Além dessa frase de que “quase houve uma crise institucional”, o presidente fez os ataques diretos ao ministro Alexandre de Moraes, exigindo rapidez em decisões e afirmando que ele só foi escolhido ministro pela amizade com o ex-presidente Michel Temer. Criticar Alexandre de Moraes, como Bolsonaro fez, acaba por ferir todos os outros ministros da corte por tabela.
Como se sabe, o papel de guarda constitucional do Supremo tem ficado cada vez mais urgente diante dos ataques de Bolsonaro às instituições democráticas, seja por declarações agressivas, seja por participações em manifestações que pedem intervenção militar ou até o absurdo da volta do AI-5, Ato Institucional que suspendeu habeas corpus, os direitos e garantias individuais, além de dar poderes para o fechamento do Congresso.
Como já mostrou este espaço, esses arroubos têm levado o Supremo a viver uma rara união justamente para conter essa sanha pela defesa de posições antidemocráticas que nem mesmo os militares da alta cúpula do governo gostam de lembrar, como a censura prévia à imprensa, para apenas dar mais um exemplo dos graves erros do regime.

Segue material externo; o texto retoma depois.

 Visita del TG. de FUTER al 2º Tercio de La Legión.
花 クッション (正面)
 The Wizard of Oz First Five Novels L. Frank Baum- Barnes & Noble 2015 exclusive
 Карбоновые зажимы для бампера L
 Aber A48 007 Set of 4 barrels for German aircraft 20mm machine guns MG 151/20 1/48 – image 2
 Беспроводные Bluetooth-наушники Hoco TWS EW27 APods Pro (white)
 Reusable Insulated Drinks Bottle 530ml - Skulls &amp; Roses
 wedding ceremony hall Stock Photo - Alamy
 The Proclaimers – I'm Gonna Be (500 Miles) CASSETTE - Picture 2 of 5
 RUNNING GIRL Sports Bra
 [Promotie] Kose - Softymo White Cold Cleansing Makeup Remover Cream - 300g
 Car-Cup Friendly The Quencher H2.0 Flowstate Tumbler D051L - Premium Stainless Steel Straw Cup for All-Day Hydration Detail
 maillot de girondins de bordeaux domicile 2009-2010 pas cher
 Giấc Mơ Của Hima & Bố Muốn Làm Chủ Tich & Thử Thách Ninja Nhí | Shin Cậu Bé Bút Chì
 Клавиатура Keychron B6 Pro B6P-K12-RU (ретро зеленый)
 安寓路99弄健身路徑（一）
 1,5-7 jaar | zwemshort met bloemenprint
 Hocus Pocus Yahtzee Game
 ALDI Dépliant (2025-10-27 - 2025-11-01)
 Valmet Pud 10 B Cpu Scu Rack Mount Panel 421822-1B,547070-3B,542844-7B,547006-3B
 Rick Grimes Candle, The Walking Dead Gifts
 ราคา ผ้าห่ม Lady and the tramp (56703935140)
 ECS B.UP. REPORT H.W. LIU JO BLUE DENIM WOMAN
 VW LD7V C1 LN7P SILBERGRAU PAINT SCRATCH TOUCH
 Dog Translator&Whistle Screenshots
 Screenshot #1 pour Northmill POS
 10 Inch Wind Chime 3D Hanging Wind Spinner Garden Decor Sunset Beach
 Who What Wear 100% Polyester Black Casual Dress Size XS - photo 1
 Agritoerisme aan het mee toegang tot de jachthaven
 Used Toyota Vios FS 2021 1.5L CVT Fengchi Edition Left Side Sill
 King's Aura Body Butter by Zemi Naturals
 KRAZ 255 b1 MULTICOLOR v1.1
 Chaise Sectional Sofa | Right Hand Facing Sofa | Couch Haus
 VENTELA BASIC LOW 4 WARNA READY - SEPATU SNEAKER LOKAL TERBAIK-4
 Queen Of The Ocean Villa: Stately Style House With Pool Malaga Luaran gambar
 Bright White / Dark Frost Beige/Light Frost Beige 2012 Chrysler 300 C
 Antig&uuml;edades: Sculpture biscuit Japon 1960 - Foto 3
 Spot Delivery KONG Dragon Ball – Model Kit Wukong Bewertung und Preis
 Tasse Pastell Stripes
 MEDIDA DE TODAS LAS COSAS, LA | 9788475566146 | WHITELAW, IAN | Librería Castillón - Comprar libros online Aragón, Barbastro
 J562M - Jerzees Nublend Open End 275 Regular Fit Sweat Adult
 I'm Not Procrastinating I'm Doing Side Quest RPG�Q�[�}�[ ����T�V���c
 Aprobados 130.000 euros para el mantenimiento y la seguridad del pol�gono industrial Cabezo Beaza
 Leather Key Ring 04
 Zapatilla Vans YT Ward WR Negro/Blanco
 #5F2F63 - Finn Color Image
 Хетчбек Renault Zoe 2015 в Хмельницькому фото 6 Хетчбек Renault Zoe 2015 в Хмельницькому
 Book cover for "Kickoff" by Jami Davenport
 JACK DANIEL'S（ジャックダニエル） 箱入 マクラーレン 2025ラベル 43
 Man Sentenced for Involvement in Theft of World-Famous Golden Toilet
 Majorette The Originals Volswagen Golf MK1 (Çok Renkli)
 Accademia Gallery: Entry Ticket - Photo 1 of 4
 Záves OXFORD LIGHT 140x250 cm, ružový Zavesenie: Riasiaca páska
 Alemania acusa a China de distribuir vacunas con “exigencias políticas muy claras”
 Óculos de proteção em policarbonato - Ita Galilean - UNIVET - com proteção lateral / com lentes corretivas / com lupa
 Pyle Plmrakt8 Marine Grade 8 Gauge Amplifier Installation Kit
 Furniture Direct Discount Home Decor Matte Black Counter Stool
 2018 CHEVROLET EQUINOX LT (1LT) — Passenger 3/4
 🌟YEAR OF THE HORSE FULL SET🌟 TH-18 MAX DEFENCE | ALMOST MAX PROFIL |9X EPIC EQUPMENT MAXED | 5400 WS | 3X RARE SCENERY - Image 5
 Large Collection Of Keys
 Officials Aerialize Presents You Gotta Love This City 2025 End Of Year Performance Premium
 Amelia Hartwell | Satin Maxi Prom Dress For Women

Bolsonaro agora tenta (mais uma vez) confundir o debate. Na avaliação de um interlocutor de um ministro do STF, parece blefe. A “crise institucional” poderia vir de que forma? Uma eventual desobediência à decisão de Alexandre de Moraes levaria ao caos, mesmo que o presidente, o mandatário maior, não consiga “engolir a decisão”. É do STF. Ou seja, cumpra-se – uma das bases do regime democrático.
Enquanto Bolsonaro assume um papel que não convém a um presidente da República, as investigações da própria PF, que está no epicentro da crise, avançam. O inquérito que trata do esquema criminoso de fake news, por exemplo, aponta para a participação de Carlos Bolsonaro.
O fato é que não há confusão criada pelo presidente, ou crise política do dia, que atenue, na opinião de ministros do Supremo, o peso de uma das principais questões levantadas pelo ex-ministro Sergio Moro ao deixar o governo Bolsonaro: “não é tanto a questão de quem colocar, mas de por que trocar” o diretor-geral da PF.